- **REQUIREMENT**:
Your copy should match the records below word for word and contain no pictures.

--------------------

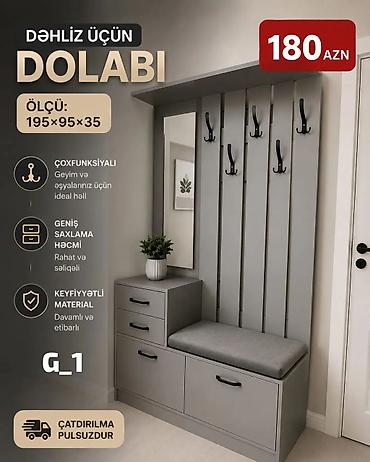 Dəhliz üçün dolab – çoxfunksiyalı və praktik dizayn • Ölçü: 195×95×35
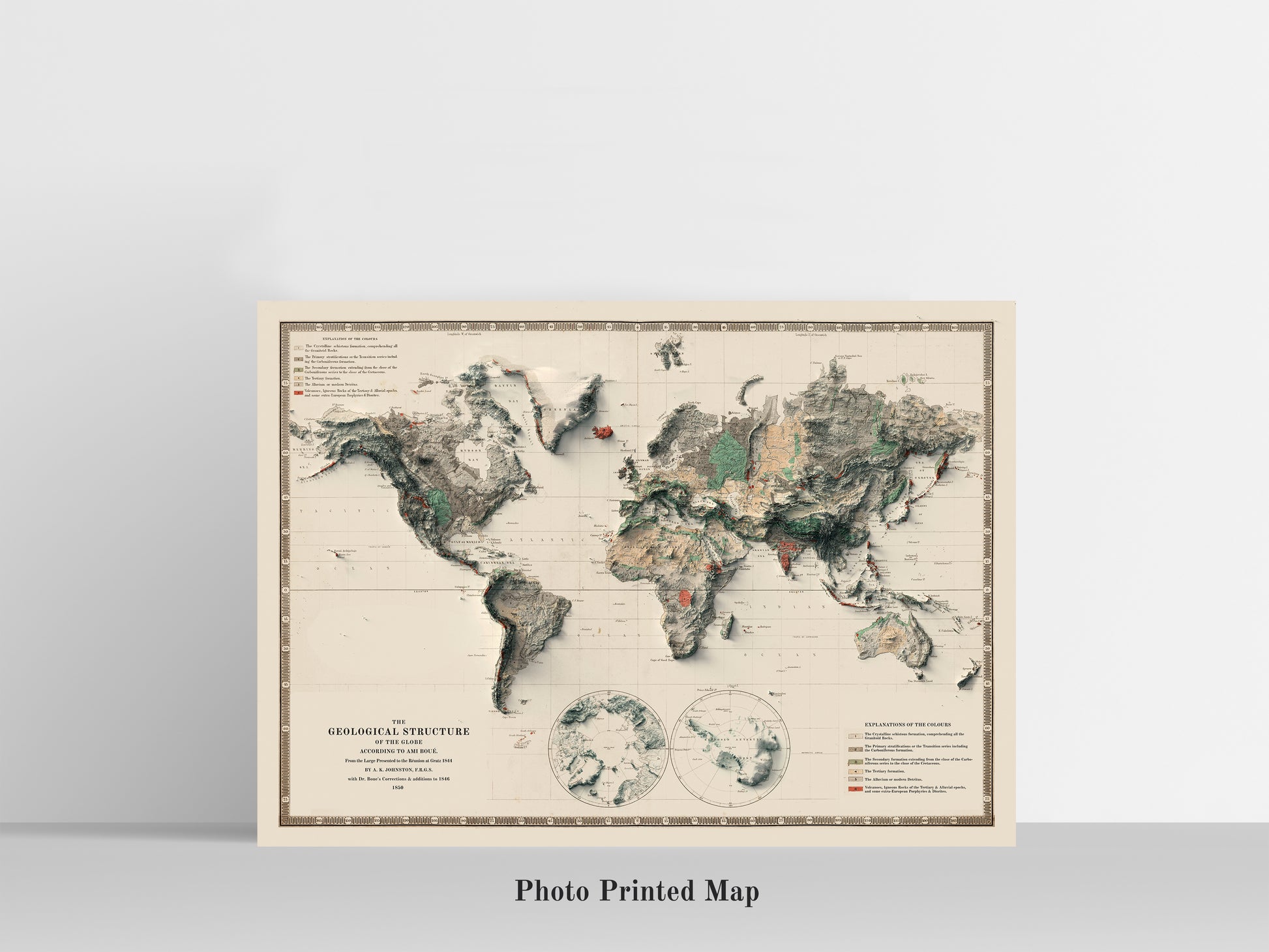 vintage world shaded relief map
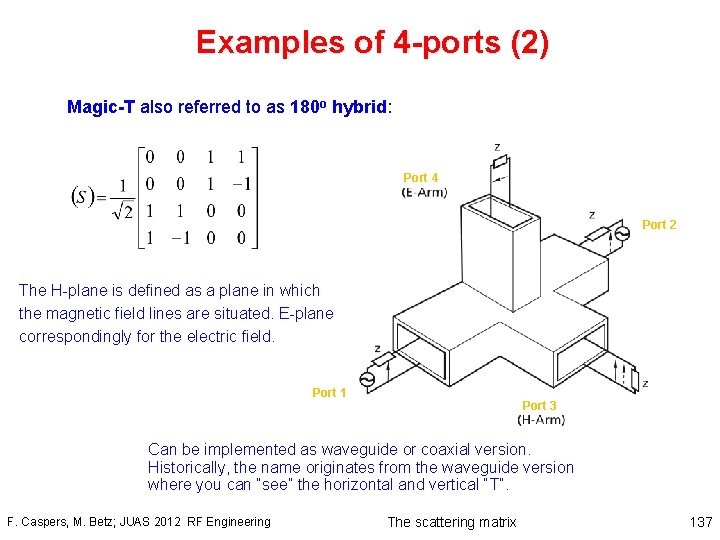 Examples of 4 -ports (2) Magic-T also referred to as 180 o hybrid: Port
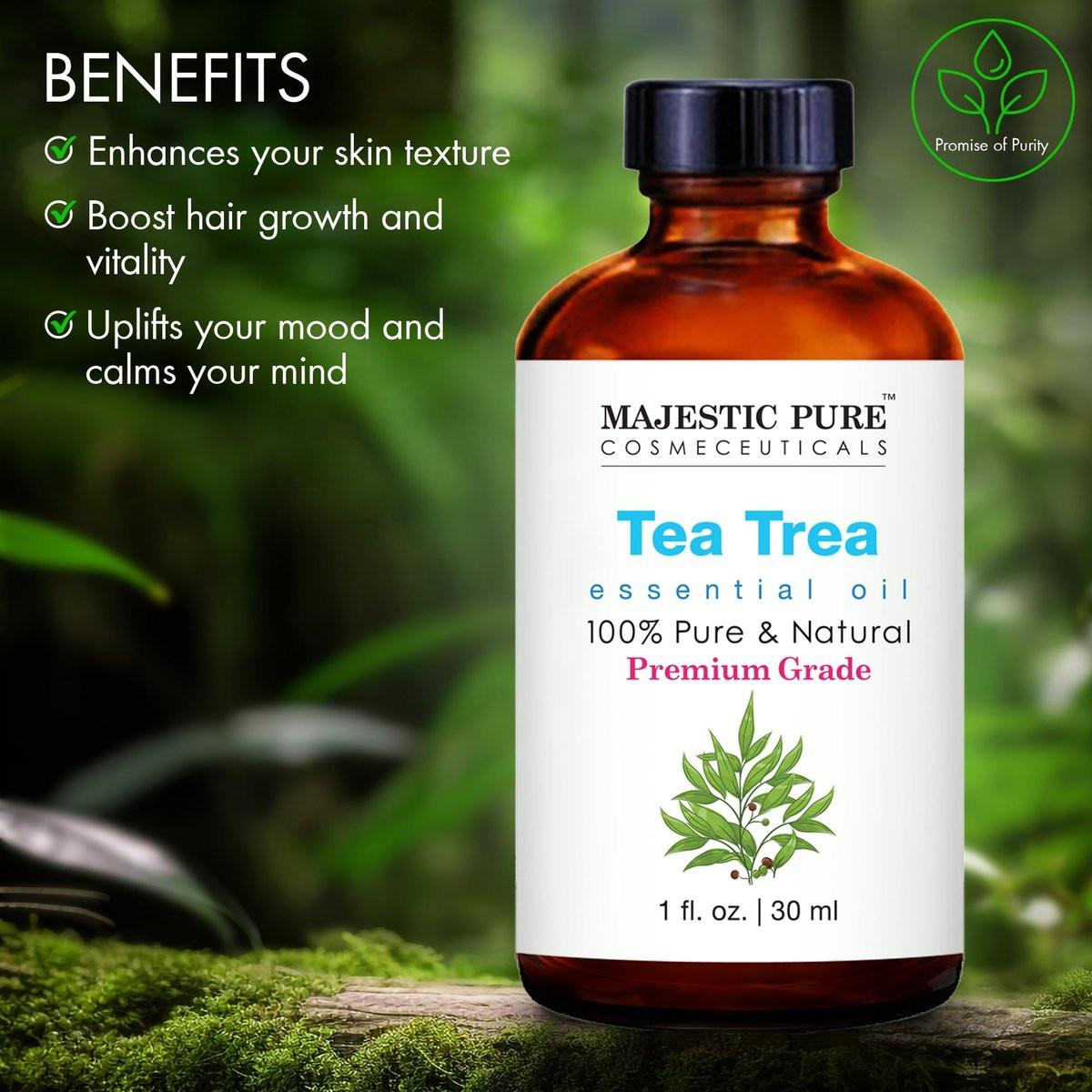 Majestic Pure Teebaumöl – 100 % reines und natürliches ätherisches Öl mit Glaspipette – 30 ml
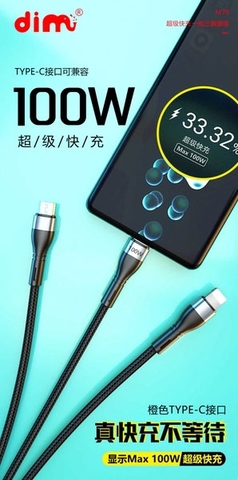 Cáp Sạc Siêu Nhanh 100W 3 Đầu Lightning - Type C - Micro Dimi M70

--------------------

- **OUTPUT OF THE TASK**:
 Dəhliz üçün dolab – çoxfunksiyalı və praktik dizayn • Ölçü: 195×95×35
 vintage world shaded relief map
 Examples of 4 -ports (2) Magic-T also referred to as 180 o hybrid: Port
 Majestic Pure Teebaumöl – 100 % reines und natürliches ätherisches Öl mit Glaspipette – 30 ml
 Cáp Sạc Siêu Nhanh 100W 3 Đầu Lightning - Type C - Micro Dimi M70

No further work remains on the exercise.